While the Bielski's and their "guests" were trying to survive, they needed to sometimes go and procure food stuffs and other items from the surrounding villages. They did, as shown in Defiance, steal the necessary things from these areas, and sometimes used violence to get what they wanted. However, they generally saved any type of armed attack for Nazis and collaborators - those people who were cooperating with and helping the Nazis. The Germans targeted the Bielskis and other partisan groups living in the Belarussian forests. Tuvia ended up with a bounty of 100,000 Reichmarks on his head and, in 1943, the Germans went in and initiated a major operation against the partisan groups in the forest, which was designed to wipe out the "enemy." Tuvia and his group were able to escape further into the forest and avoided massacre. The movie depicted an uneasy but amicable association between the Soviets and the Bielski Otriad and the reality was not too far off. The Jewish partisans did provide significant material support to the Soviets in the form of artisanal services (gun repair, tailoring, etc.), but continually avoided having to send fighters to the Russians. Instead, the Otriad tried very hard to retain its unity and independence (to the extent that they could). Unfortunately, the divisive relationship between Tuvia and Zus was not just Hollywood. The Otriad was split into two separate sections - those following Tuvia (the Kalinin) and those following Zus (the Ordzhonikidze). However, both fought alongside the Soviets against the Polish and the Germans.

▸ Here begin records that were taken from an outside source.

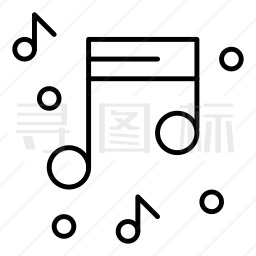 音符图标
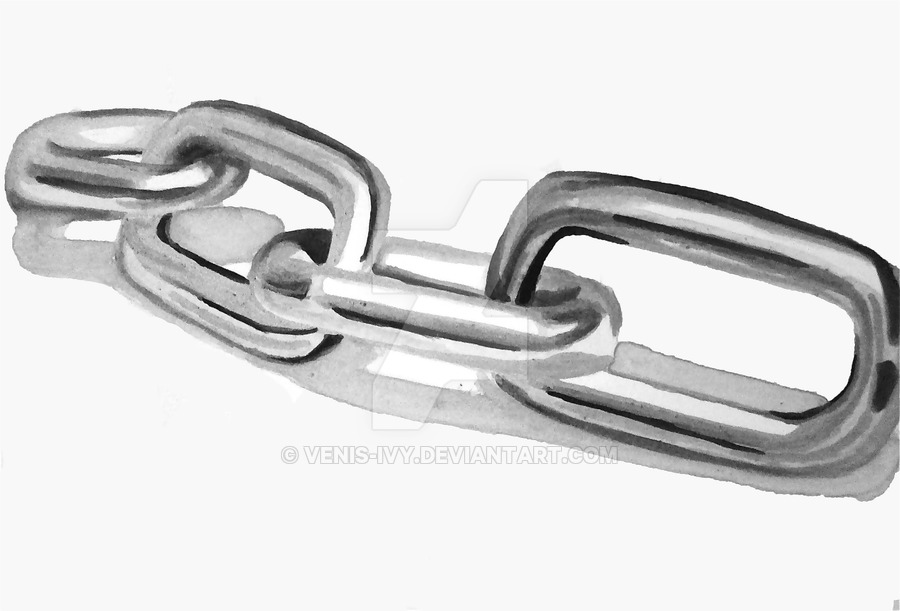 900x611 Painting Practice Chains By Venis Ivy - Chain Painting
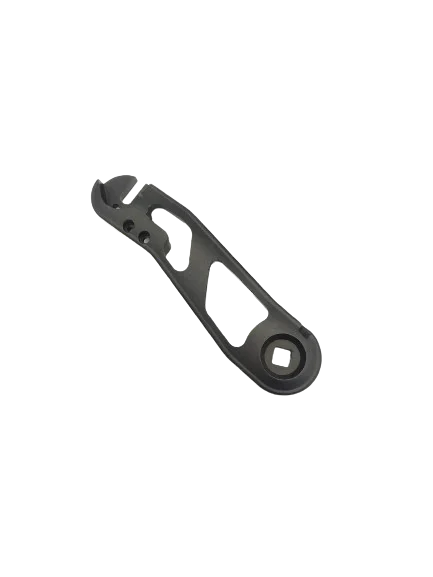 DUALTRON SPIDER | BRAS DE FOURCHE GAUCHE ARRIERE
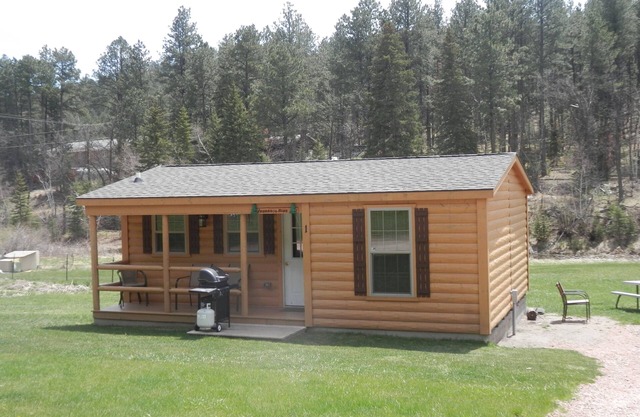 American Pines Cabin, 5 Miles from Mt. Rushmore!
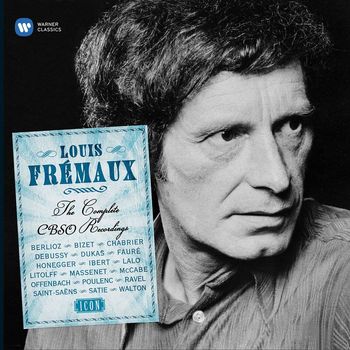 Louis Fremaux - Louis Frémaux - The Complete Birmingham Years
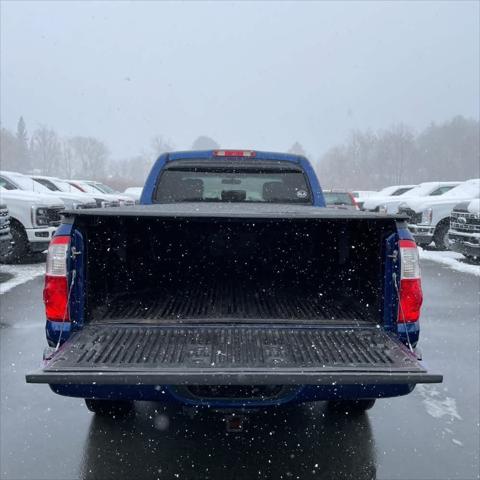 used 2006 Toyota Tundra car, priced at $14,495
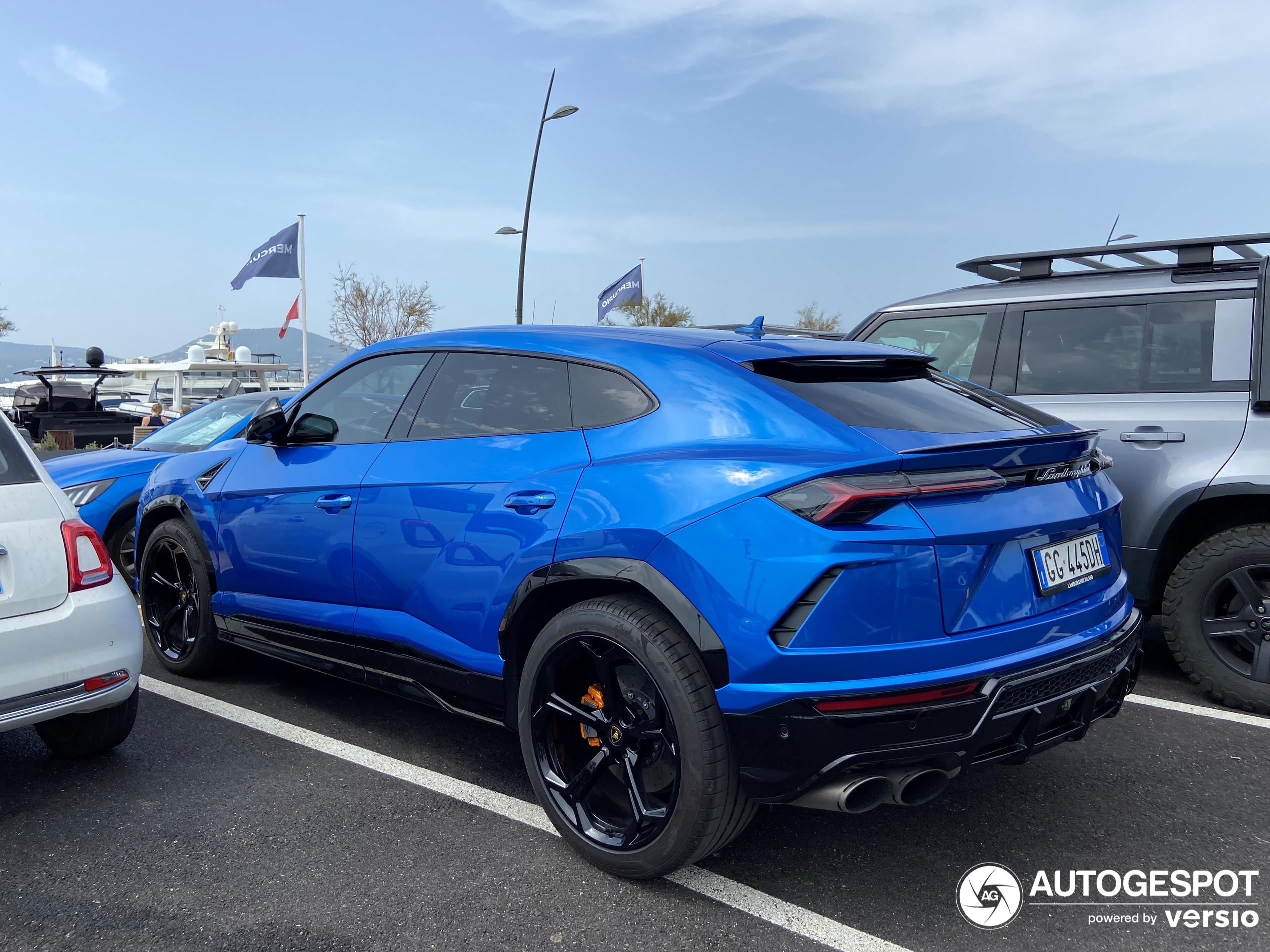 Lamborghini Urus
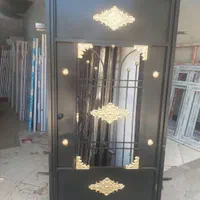 تولید انواع درب و پنجره نخلی طرح دار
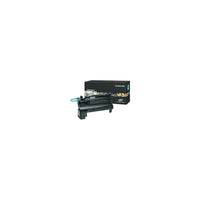 Lexmark – Cartouche de toner, laser, fabricant d’origine, cyan, (C792X2CG)-Technologie d’impression : Laser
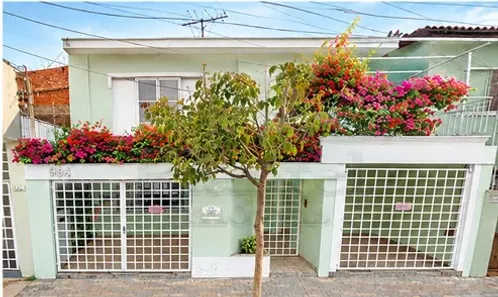 Sobrado com 3 Quartos à venda, 169m² no Vila Seixas, Ribeirão Preto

In 1944, when the Soviets pushed the Germans back and overtook the hiding forest of the Bielskis, the Otriad came out of hiding. The population of the forest camp, having survived the German offensives, now had to rebuild their lives - although very few would remain in Eastern Europe or Russia. Most of the remaining Jews immigrated to other countries, especially Israel and America. According to Defiance, the offspring of the people whom the Bielskis saved number in the thousands. They owe their existence to a few brothers who fled for their own lives and ended up saving over a thousand.


The children and grandchildren of those saved by the Bielskis.
The children and grandchildren of those saved by the Bielskis.